┌──
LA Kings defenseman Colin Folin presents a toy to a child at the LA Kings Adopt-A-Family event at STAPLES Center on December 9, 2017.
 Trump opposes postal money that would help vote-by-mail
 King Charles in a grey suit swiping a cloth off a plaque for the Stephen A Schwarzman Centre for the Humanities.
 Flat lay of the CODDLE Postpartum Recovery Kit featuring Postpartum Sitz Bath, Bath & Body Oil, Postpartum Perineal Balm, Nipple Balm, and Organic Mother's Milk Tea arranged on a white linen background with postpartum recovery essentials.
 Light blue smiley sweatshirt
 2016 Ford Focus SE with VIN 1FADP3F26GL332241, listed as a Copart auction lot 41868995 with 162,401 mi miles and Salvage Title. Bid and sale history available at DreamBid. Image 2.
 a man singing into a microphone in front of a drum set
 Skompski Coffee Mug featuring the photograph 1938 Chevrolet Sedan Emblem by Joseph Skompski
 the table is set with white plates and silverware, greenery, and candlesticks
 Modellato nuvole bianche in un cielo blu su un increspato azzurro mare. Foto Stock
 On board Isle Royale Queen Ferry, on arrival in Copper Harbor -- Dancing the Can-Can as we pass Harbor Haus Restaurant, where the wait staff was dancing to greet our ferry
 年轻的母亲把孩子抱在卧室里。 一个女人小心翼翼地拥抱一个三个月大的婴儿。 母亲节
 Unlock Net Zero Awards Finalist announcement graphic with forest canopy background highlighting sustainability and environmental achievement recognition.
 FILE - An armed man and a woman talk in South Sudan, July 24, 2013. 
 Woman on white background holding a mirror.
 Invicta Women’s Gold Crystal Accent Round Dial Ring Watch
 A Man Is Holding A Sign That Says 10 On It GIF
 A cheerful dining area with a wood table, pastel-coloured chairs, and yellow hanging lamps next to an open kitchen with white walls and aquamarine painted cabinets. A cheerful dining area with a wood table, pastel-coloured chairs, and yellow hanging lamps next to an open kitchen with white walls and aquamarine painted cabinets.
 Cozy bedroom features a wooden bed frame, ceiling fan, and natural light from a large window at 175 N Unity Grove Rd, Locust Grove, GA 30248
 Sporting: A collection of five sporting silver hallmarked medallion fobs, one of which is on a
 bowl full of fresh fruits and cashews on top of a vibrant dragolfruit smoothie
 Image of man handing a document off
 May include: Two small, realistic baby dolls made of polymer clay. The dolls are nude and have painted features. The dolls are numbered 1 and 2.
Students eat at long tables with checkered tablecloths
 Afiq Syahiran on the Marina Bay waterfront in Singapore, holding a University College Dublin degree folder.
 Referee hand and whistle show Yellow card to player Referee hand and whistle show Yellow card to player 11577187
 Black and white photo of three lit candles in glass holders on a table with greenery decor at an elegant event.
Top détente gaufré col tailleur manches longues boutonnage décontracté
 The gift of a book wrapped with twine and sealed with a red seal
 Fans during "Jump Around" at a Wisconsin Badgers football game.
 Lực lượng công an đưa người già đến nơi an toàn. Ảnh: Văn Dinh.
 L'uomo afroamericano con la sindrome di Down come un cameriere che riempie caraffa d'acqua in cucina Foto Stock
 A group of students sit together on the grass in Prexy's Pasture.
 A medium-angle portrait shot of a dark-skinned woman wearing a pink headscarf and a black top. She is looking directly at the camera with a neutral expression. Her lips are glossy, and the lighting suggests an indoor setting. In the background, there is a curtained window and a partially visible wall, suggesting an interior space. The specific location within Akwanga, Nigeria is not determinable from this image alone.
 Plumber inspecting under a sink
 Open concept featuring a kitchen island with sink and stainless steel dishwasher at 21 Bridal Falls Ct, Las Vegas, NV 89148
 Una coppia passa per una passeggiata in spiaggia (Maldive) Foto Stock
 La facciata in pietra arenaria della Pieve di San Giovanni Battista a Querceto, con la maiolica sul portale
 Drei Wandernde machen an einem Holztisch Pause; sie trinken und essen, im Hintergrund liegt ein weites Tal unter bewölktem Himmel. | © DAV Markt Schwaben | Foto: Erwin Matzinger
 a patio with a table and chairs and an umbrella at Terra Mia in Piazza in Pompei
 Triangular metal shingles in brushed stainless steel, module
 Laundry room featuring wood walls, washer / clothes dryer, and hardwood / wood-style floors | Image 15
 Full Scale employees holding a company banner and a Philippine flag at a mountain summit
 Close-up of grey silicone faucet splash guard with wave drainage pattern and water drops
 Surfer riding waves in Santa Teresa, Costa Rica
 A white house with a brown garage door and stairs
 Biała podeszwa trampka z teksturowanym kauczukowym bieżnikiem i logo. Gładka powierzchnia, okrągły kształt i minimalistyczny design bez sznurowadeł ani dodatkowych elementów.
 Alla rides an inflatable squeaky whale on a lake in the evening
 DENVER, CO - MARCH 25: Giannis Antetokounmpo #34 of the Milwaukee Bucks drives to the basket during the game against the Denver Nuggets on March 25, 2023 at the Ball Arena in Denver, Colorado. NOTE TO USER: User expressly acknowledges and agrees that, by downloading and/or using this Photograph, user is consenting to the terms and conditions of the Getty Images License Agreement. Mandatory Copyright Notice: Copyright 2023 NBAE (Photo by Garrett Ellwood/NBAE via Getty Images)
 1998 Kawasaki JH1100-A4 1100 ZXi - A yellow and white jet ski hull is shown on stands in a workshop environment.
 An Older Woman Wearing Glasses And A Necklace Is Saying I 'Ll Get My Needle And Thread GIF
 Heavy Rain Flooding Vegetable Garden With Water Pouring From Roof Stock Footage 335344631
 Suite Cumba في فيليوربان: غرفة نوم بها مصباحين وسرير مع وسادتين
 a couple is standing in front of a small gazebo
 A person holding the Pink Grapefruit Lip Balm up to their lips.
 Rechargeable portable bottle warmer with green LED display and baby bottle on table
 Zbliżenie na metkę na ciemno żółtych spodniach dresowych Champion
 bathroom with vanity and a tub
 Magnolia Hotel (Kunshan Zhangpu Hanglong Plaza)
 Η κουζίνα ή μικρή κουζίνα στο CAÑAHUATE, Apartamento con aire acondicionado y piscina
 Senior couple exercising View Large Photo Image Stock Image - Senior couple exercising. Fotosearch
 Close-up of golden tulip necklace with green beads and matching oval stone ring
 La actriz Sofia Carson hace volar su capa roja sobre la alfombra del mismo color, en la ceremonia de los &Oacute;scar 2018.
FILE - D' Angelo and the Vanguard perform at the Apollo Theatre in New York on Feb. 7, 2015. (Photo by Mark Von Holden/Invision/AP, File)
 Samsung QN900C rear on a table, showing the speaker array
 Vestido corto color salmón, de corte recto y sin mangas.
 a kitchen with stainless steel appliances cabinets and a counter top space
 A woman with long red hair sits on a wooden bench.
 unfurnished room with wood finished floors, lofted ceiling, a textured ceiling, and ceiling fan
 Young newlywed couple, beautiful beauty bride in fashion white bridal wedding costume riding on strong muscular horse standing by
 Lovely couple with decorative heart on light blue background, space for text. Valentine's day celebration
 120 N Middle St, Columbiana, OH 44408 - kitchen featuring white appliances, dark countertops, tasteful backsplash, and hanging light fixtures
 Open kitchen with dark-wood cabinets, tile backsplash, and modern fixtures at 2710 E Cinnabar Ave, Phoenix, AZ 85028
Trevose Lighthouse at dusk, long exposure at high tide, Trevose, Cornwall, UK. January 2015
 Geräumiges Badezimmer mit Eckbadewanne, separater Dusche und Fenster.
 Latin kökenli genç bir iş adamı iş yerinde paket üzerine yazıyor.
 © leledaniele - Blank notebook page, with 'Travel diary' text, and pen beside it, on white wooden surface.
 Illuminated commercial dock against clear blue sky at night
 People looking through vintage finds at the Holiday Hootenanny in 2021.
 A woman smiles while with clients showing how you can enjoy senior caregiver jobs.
└──
▸ **Assignment**:
Retype exactly the lines from the start of the entries through the one with "King Charles in"; include both ends.

▸ **Answer to this exercise**:
LA Kings defenseman Colin Folin presents a toy to a child at the LA Kings Adopt-A-Family event at STAPLES Center on December 9, 2017.
 Trump opposes postal money that would help vote-by-mail
 King Charles in a grey suit swiping a cloth off a plaque for the Stephen A Schwarzman Centre for the Humanities.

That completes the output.